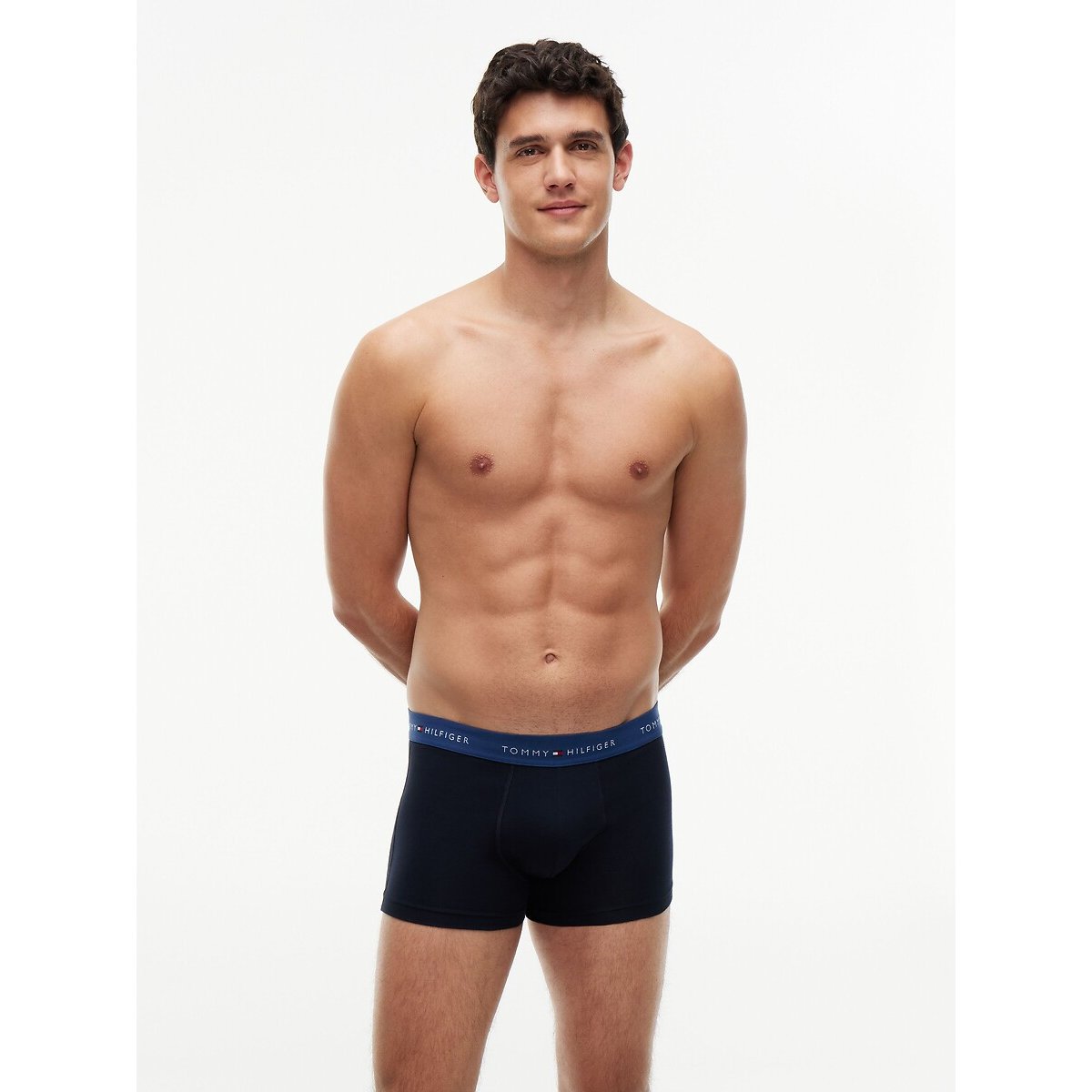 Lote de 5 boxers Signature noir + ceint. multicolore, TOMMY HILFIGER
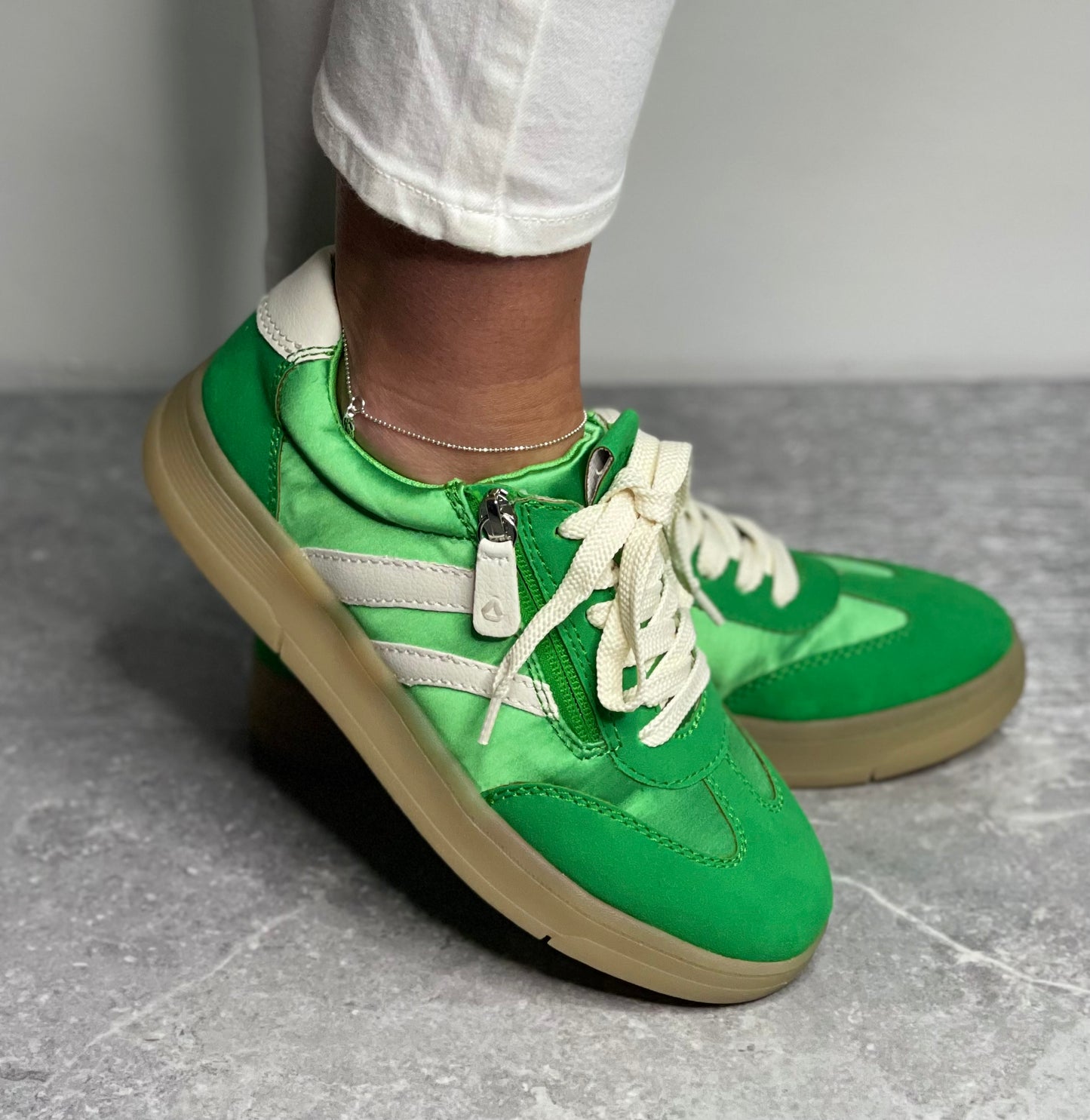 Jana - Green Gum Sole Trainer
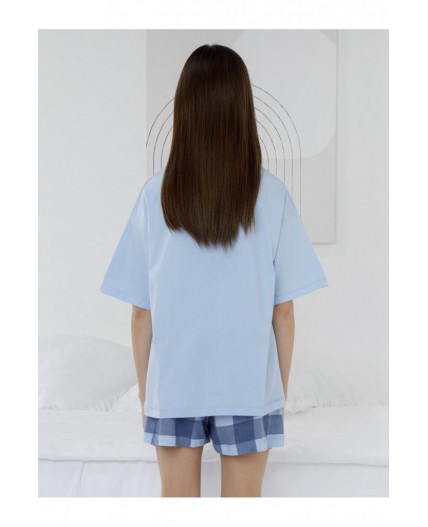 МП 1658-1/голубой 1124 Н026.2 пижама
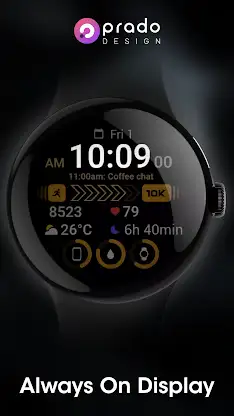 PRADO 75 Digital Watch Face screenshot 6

--

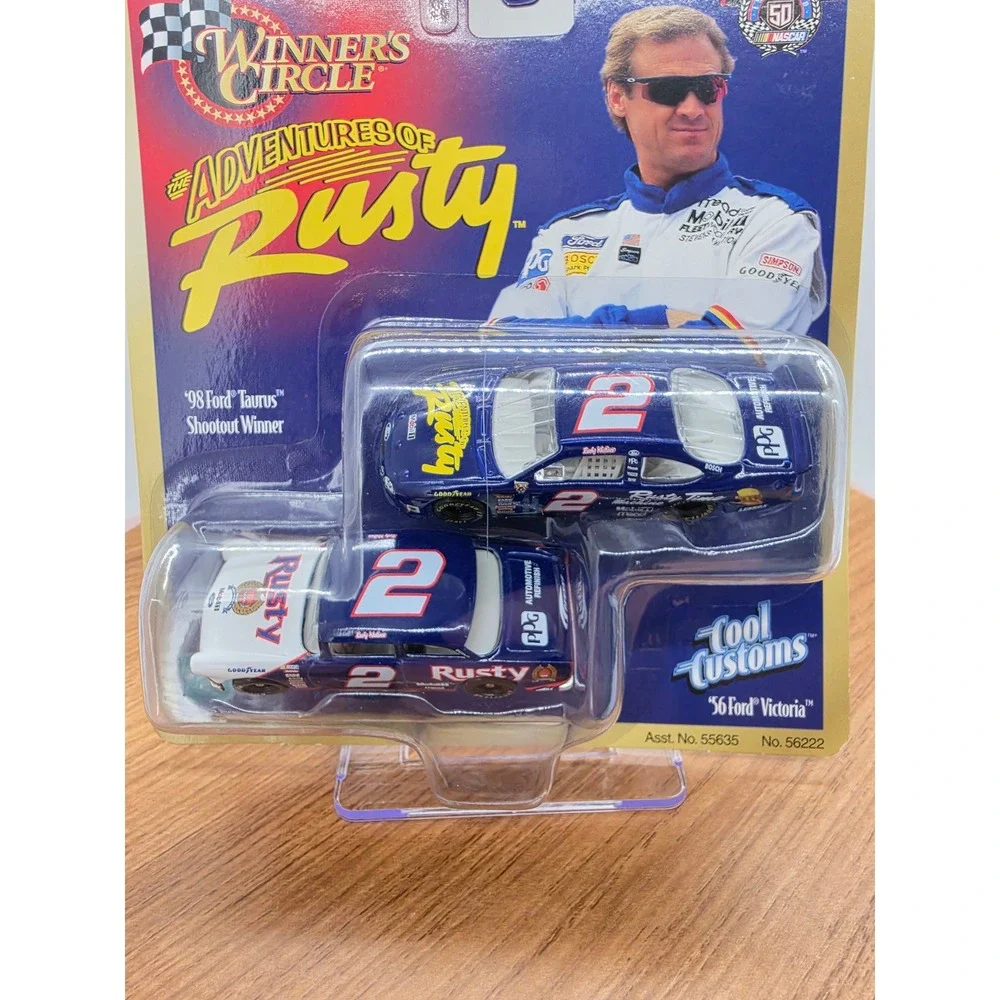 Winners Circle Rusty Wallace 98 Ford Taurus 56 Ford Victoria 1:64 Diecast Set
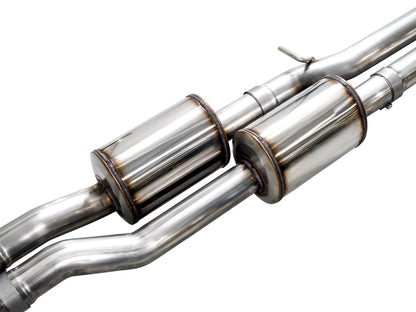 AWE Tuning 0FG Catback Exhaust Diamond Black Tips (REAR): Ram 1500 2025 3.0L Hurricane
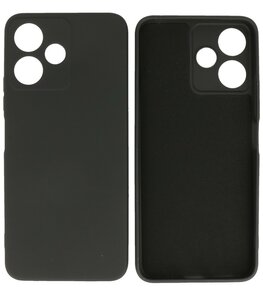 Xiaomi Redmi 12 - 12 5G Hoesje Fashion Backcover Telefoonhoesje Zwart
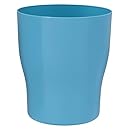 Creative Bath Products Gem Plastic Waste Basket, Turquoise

• YOUR ASSIGNMENT: What are the lines above from the one with "Xiaomi Redmi 12" to the one with "Creative Bath Products", both included? Reproduce them exactly, without pictures.

• COMPLETED TASK:
 Xiaomi Redmi 12 - 12 5G Hoesje Fashion Backcover Telefoonhoesje Zwart
 Creative Bath Products Gem Plastic Waste Basket, Turquoise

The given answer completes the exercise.